• [Work instructions]
Return all the lines below exactly. Any picture among them is omitted.

• [Data section]
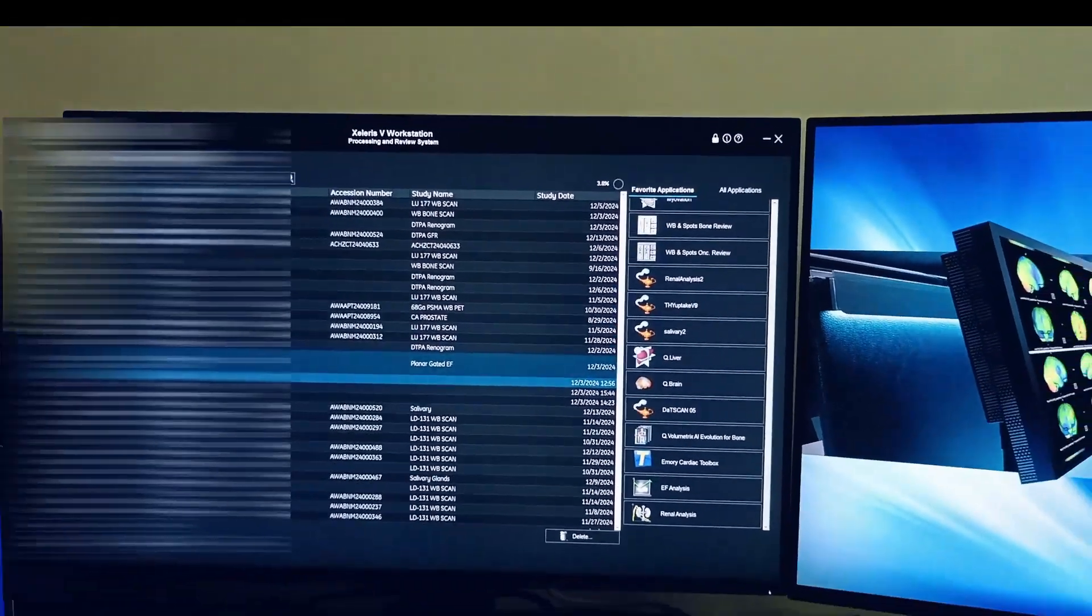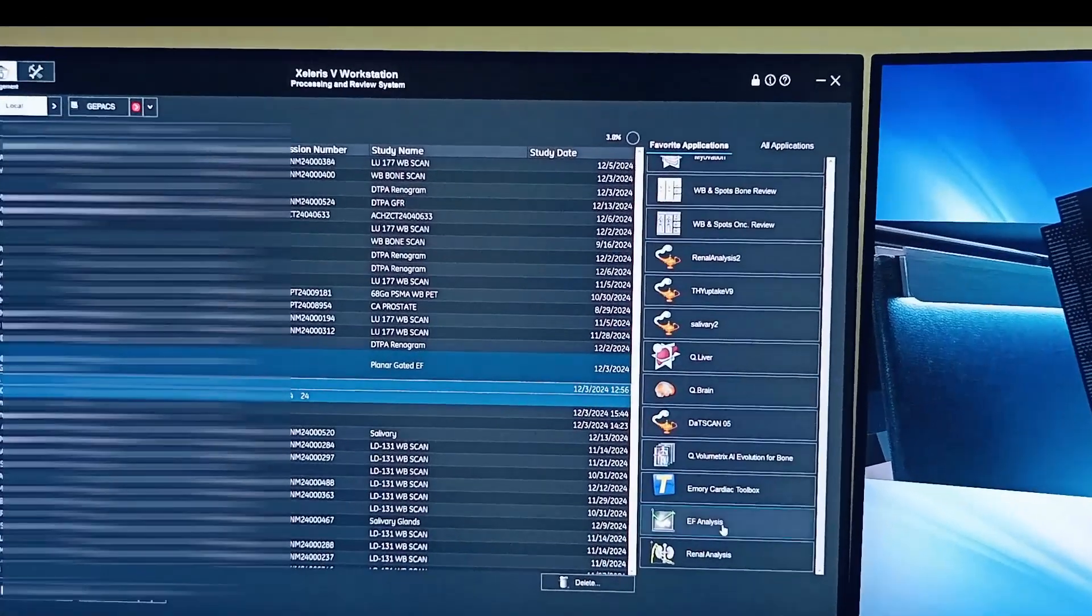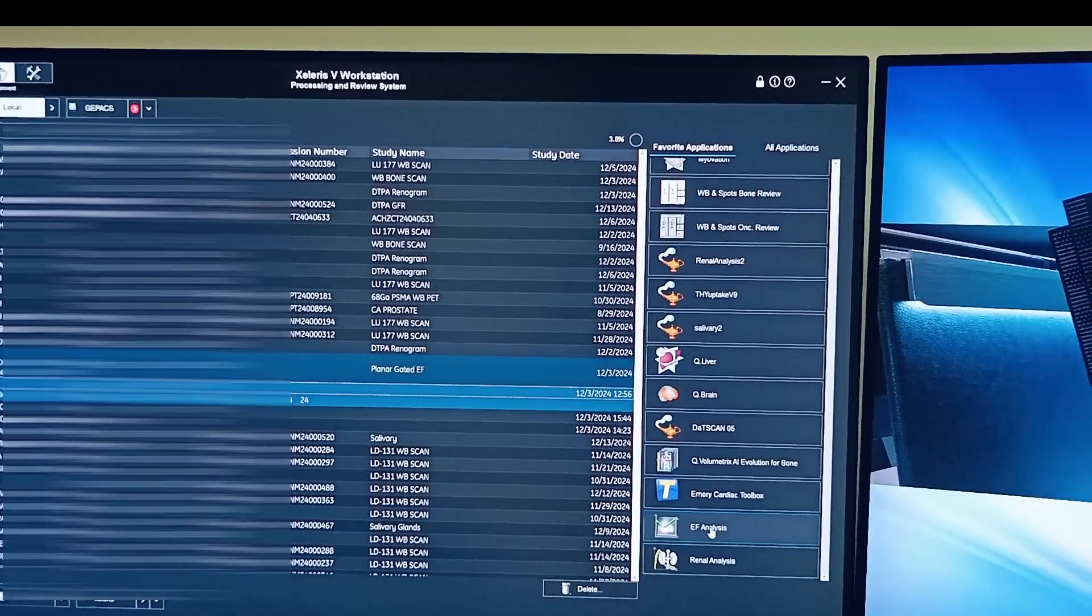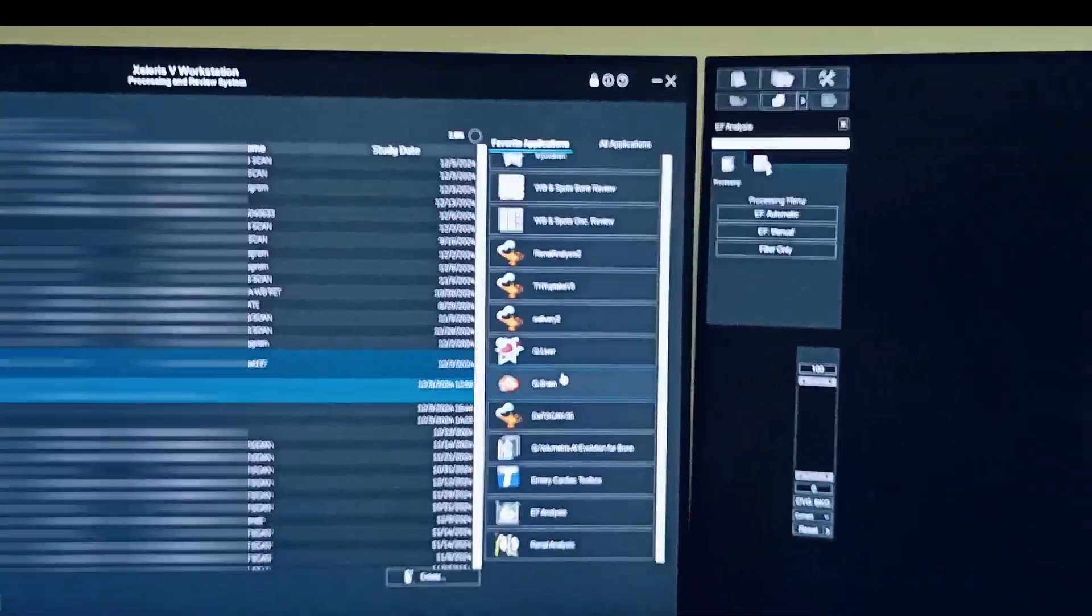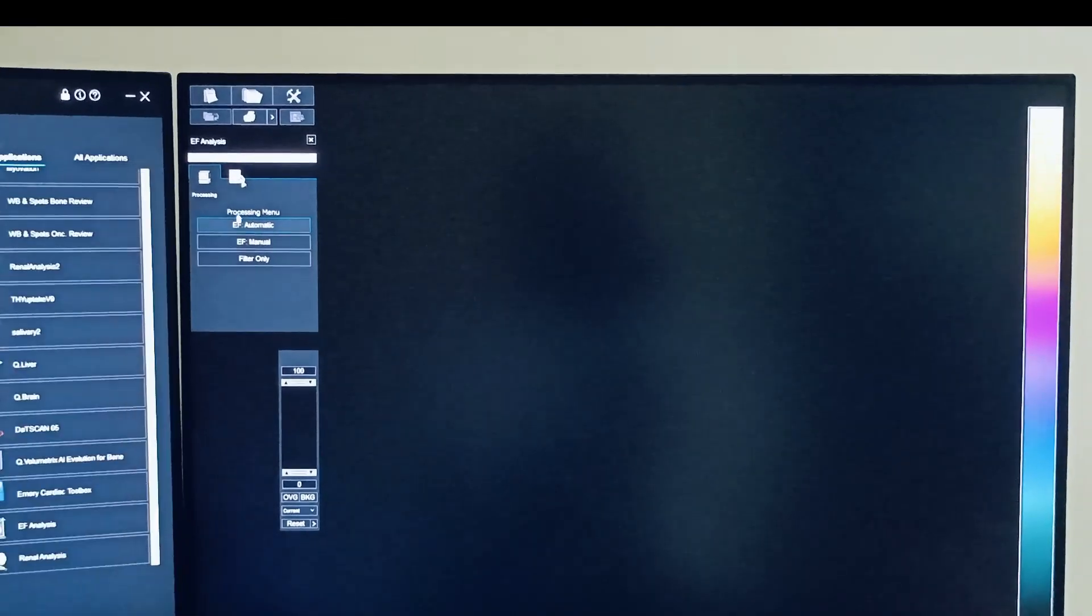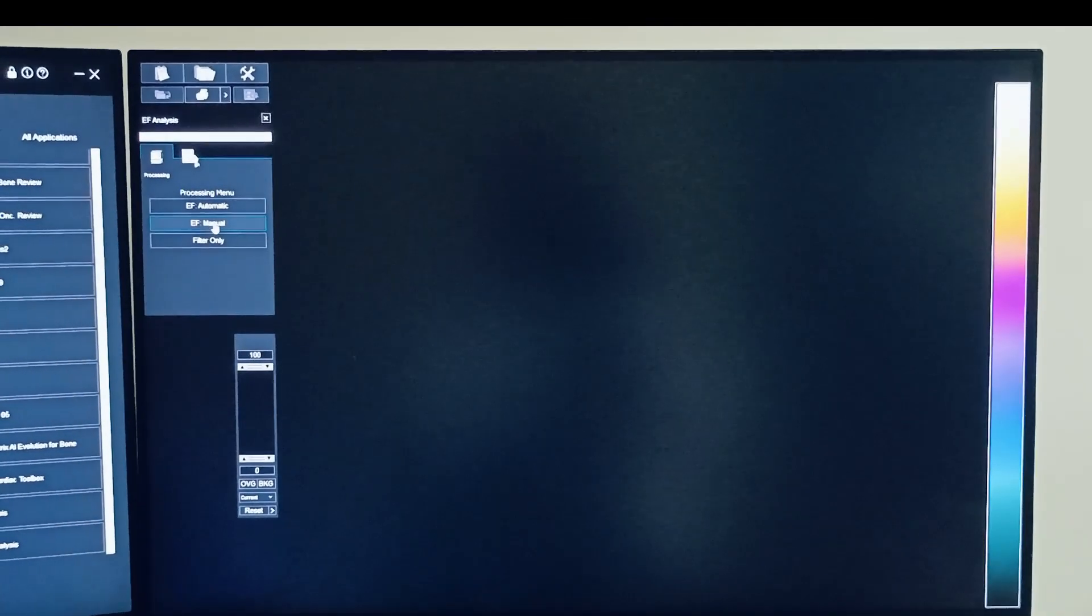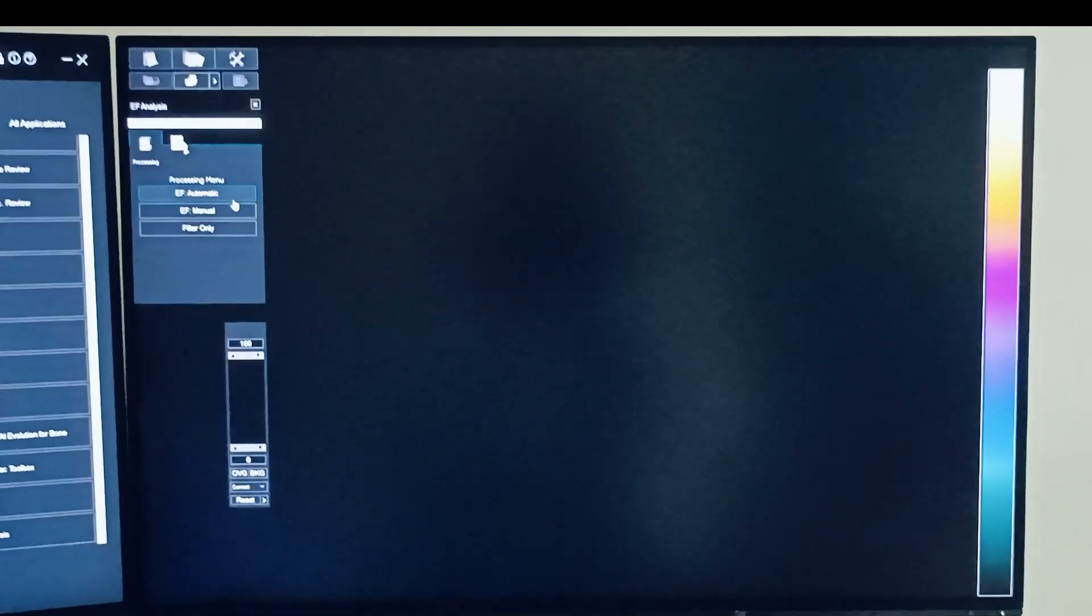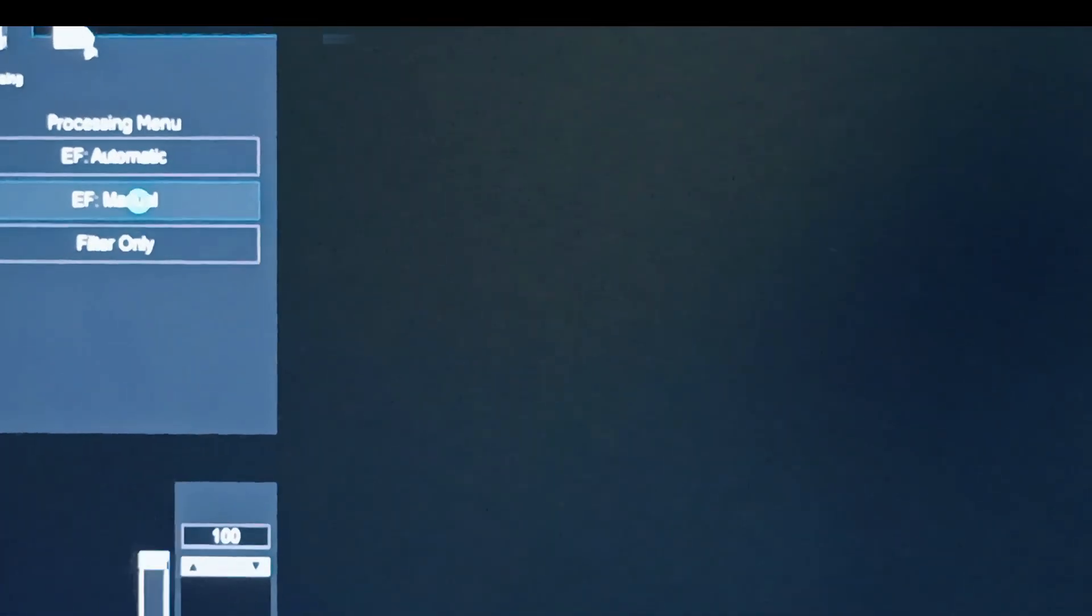You can select the MAGA study and click on the EF analysis. In the EF analysis we have three automatic processing, manual processing, and filter. So let's process manually.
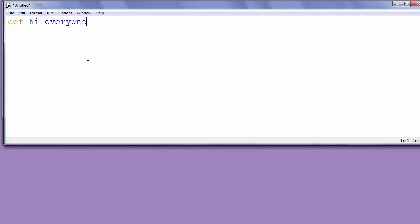Our function doesn't need any arguments, so the parentheses will be empty. In the body of our function, we'll write code for printing text to the screen. We'll write print('hi everyone').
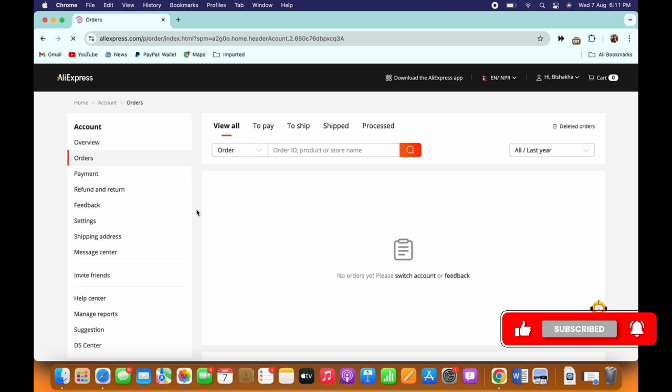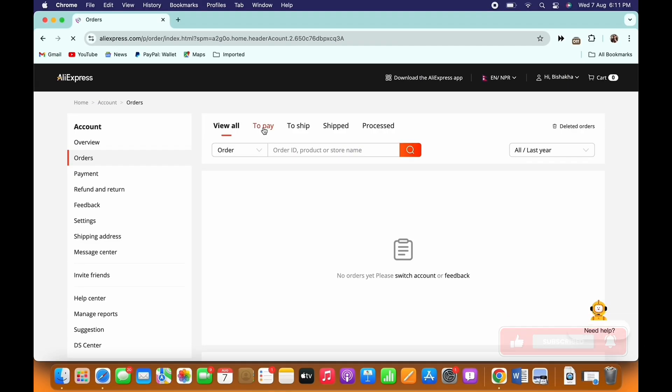In the interface that you will be led to, you will be able to view all your purchase history. You can tap on the To Ship tab, further scroll to the order you want to track, and then select the Track Shipment option and you will be able to track your order on AliExpress.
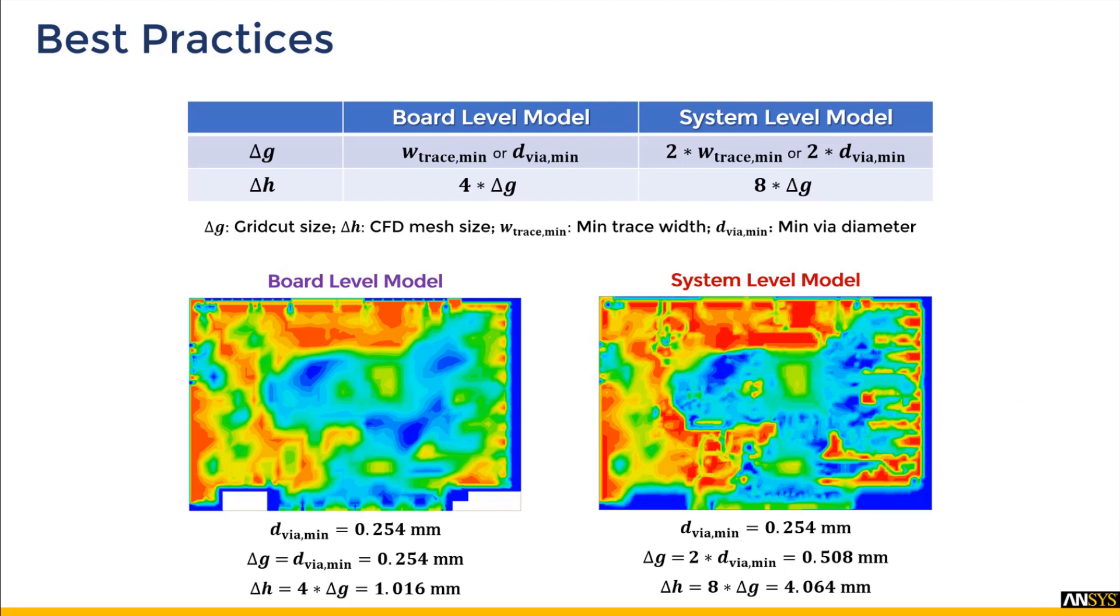So that was it for this video on how metal fractions are used to calculate accurate thermal conductivity distribution in an ECAD in ANSYS ISPAC. Stay tuned for more videos on ANSYS ISPAC and thanks for watching.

• [Result for this task]
You can select the MAGA study and click on the EF analysis. In the EF analysis we have three automatic processing, manual processing, and filter. So let's process manually.
Our function doesn't need any arguments, so the parentheses will be empty. In the body of our function, we'll write code for printing text to the screen. We'll write print('hi everyone').
In the interface that you will be led to, you will be able to view all your purchase history. You can tap on the To Ship tab, further scroll to the order you want to track, and then select the Track Shipment option and you will be able to track your order on AliExpress.
So that was it for this video on how metal fractions are used to calculate accurate thermal conductivity distribution in an ECAD in ANSYS ISPAC. Stay tuned for more videos on ANSYS ISPAC and thanks for watching.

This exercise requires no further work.